Cross-frequency coupling analysis in amyotrophic lateral sclerosis as potential biomarker and therapeutic target – FrequALS

Amyotrophic lateral sclerosis (ALS) is characterized by the degeneration of upper and lower motor neurons (UMN & LMN), located in the cerebral cortex, and the brainstem and spinal cord, respectively. ALS diagnosis mostly relies on LMN signs, which are also common to other diseases. In addition, the gold standard to assess therapy efficacy remains primarily based on LMN evaluation, excluding UMN assessment. This is partly because LMN degeneration can mask UMN signs, making it more difficult to faithfully detect UMN dysfunction, which delays treatment initiation and limits early inclusion in clinical trials. To circumvent this limitation, we here propose to evaluate cortical dysfunction (Ct Dysf) to improve ALS diagnosis. Methods relying on transcranial magnetic stimulation (TMS) and magnetic resonance imaging (MRI) revealed early cortical dysfunction in ALS, that precedes the onset of LMN signs, negatively correlates with survival and is not present in diseases that solely target LMN. Thus, in combination with LMN signs, Ct Dysf could help ensure diagnosis and prognosis of ALS. While TMS and MRI are limited in their routine clinical application, for physiological and technical reasons, electroencephalogram (EEG) has the potential to meet the need for a quantitative and reliable biomarker of Ct Dysf thanks to its high time resolution and recent methodological advances, including source imaging (improving spatial resolution) and quantitative modulation index (MI) of cross frequency coupling (CFC). Importantly, EEG can be easily implemented in both patients and animal models, thereby facilitating translational multicentric research and paving the way for the assessment of new therapies with a greater chance of success.

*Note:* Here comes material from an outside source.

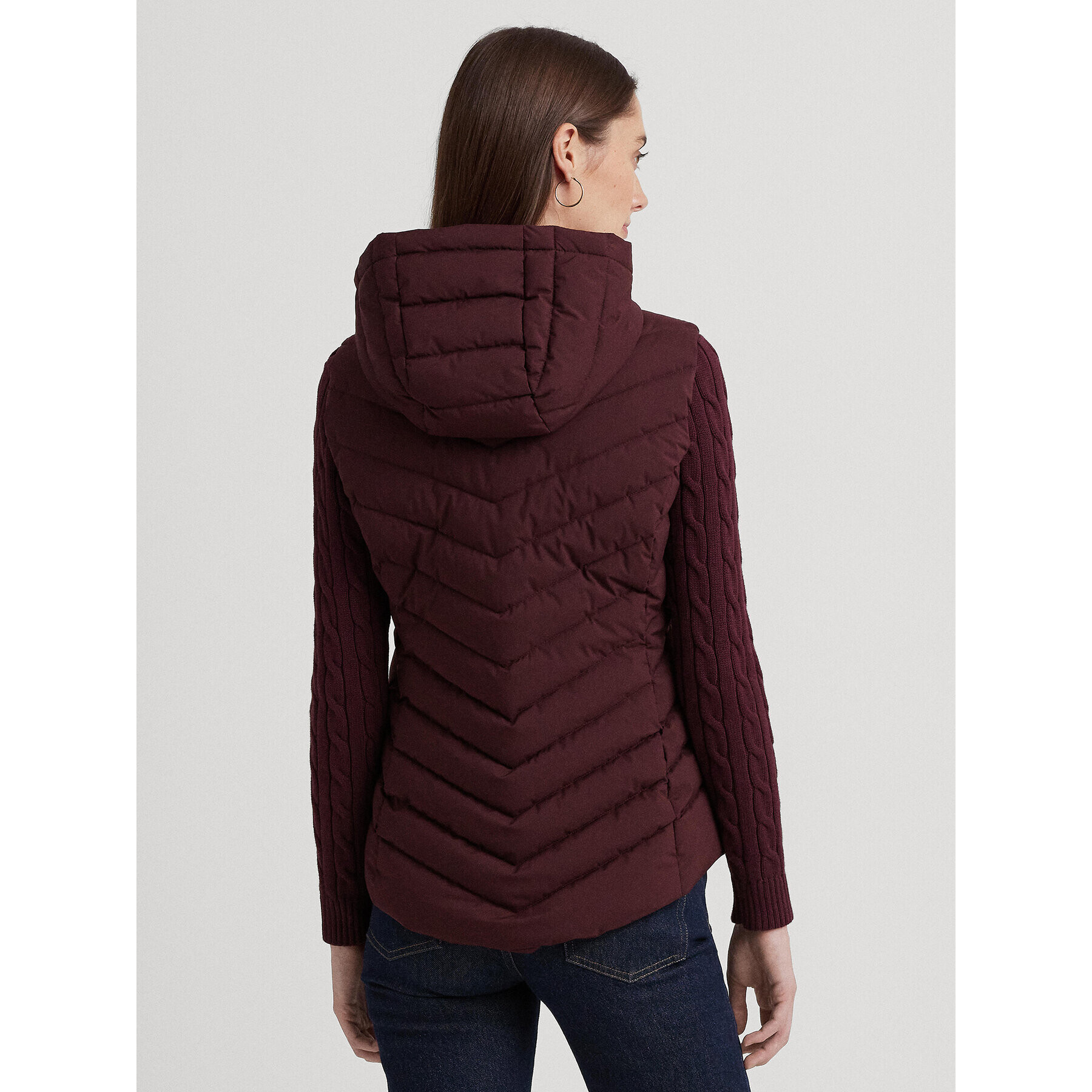 Lauren Ralph Lauren Елек 297918618002 Бордо Regular Fit - Pepit.bg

Building on our preliminary data, we hypothesize that altered CFC can serve as an early and quantitative biomarker of Ct Dysf in ALS. Accordingly, we have gathered German and French preclinical and clinical teams with well-known expertise in ALS, the assessment of Ct Dysf, EEG and brain connectome, to reach the objectives of FrequALS: 1) test whether altered CFC may represent a novel and early biomarker of Ct Dysf in patients with ALS and presymptomatic gene mutation carriers; 2) determine the temporal, spatial and cellular origins of altered CFC and Ctx Dysf using various mouse models of ALS and 3) generate and compare computational models of cellular and synaptic origins of Ct Dysf in ALS mouse models and patients. We anticipate finding a significant impairment of CFC in ALS patients and presymptomatic mutation carriers compared to healthy controls, and to identify a worsening of this feature from presymptomatic to symptomatic stages, particularly in the sensorimotor areas, which are the first to be affected in ALS. In parallel, we expect to unravel the cellular and circuit basis of altered CFC in ALS, in order to therapeutically target identified cell types in future studies. Finally, we aim to deliver a generic whole-brain oscillatory dynamics model, able to render CFC maps and parameter sets, specific for different human and mouse controls and ALS patients and models.
CFC analysis of EEG encompasses all the required features to be rapidly added to the currently available ALS diagnosis toolset. Building on previously established, strong collaborations between our preclinical and clinical teams, FrequALS is thus providing groundwork for a strongly improved ALS diagnostic pipeline and will unravel novel circuit-based therapeutic targets.